In [0]:
from pyspark.sql.functions import *
from pyspark.sql import *

In [0]:
df = spark.read.format("csv")\
    .option("header","true")\
    .option("inferSchema","true")\
    .option("mode","PERMISSIVE")\
    .load("/Volumes/workspace/default/rajatlearningdata/PySpark_data/flight_csv_data.csv")

df.show(3)
df.printSchema()

In [0]:
df.count()

Lets Find No of Partitions our data

In [0]:
df.rdd.getNumPartitions()

- Above error is expected behavior on Databricks Serverless compute. If it is not a Serverless Compute then it will work fine.
- RDD APIs are intentionally blocked, even for simple calls like getNumPartitions()
- What Databricks Serverless does:  
❌ Disables all RDD APIs  
❌ No .rdd, .map(), .collect() on RDD  
✅ Allows DataFrame / SQL APIs only

But to find no. of partitions we can try an indirect approach

In [0]:
from pyspark.sql.functions import spark_partition_id

df.select(spark_partition_id()) \
  .distinct() \
  .count()


Now Lets re-partition this and create 4 repartitions

In [0]:
partitioned_df = df.repartition(4)

# Now No. Of Partitions

partitioned_df.select(spark_partition_id()).distinct().count()


Lets See How Much Data went to each Partitions

In [0]:
partitioned_df.withColumn("partition_ID",spark_partition_id()).groupBy("partition_ID").count().show()
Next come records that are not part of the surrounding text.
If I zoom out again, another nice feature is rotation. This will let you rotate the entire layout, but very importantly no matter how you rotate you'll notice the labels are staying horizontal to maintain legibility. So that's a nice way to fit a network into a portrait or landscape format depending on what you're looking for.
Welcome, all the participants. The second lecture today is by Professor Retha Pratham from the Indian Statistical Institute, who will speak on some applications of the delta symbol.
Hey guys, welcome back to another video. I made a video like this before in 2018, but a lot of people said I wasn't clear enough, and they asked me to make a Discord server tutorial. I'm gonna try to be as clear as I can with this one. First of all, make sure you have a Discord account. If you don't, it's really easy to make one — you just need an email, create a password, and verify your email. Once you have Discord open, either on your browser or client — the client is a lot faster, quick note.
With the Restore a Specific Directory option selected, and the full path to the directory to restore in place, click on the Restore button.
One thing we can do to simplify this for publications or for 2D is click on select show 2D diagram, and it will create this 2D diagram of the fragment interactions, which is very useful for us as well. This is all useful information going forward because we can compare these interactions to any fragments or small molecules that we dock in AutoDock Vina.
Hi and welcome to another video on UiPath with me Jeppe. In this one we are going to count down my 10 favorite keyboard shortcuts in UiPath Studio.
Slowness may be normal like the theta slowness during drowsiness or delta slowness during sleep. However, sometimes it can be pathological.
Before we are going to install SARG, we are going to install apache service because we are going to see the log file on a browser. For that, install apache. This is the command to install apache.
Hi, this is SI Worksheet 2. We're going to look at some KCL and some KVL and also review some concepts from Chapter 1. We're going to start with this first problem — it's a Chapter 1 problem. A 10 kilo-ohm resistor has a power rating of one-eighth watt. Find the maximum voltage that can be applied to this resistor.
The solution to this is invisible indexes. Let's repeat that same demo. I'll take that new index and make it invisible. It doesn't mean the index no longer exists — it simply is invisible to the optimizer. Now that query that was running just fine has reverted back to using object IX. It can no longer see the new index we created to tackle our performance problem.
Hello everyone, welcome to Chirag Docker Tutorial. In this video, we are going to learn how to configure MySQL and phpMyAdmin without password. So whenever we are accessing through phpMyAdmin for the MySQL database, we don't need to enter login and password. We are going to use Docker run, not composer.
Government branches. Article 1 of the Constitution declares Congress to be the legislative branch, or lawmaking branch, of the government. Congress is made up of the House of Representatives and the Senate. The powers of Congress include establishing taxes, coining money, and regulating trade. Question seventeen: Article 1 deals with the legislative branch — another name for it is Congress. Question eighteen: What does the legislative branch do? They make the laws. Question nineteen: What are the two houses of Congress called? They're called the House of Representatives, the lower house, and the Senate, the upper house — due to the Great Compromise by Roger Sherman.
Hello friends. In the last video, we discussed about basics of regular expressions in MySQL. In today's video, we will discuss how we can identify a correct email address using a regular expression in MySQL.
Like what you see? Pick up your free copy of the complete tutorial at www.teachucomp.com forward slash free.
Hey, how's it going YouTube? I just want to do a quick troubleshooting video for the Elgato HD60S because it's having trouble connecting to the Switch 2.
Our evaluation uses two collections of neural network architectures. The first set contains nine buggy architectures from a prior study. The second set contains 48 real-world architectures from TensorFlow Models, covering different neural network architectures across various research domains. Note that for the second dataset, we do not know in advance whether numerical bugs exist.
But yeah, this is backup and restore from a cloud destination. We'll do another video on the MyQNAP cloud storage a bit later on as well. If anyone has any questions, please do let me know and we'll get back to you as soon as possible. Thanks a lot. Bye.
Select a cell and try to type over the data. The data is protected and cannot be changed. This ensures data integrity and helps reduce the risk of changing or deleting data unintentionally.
Let's Do repartition on column : repartition(no_of_partition,"col_Name")  ---OR--- repartition("col_Name") 

In [0]:
column_partition_df1 = df.repartition(300,"ORIGIN_COUNTRY_NAME")


In [0]:
# No Of partitions

column_partition_df1.select(spark_partition_id()).distinct().count()

- Above it is creating only 100 Partitions in-place of 300 because it is a serverless compute
- If it was a non-serverless compute it will create 300 partitions , with some partition as empty partition (because we have only 256 records)

Lets See How Many Records are in Each Partition

In [0]:
column_partition_df1.withColumn("partition_ID",spark_partition_id()).groupBy("partition_ID").count().show()

### Coalesce()

In [0]:
# create 8 partition
df2 = df.repartition(8)

df2.select(spark_partition_id()).distinct().count()

# Data Distribution in each partition
df2.withColumn("partition_id",spark_partition_id()).groupBy("partition_id").count().show()


In Coalesce Data Distribution might not be Equal

In [0]:
# Now Coalese the no. of partitions to only 3 partitions

df3 = df2.coalesce(3)

df3.select(spark_partition_id()).distinct().count()

# Data Distribution in each partition
df3.withColumn("partition_id",spark_partition_id()).groupBy("partition_id").count().show()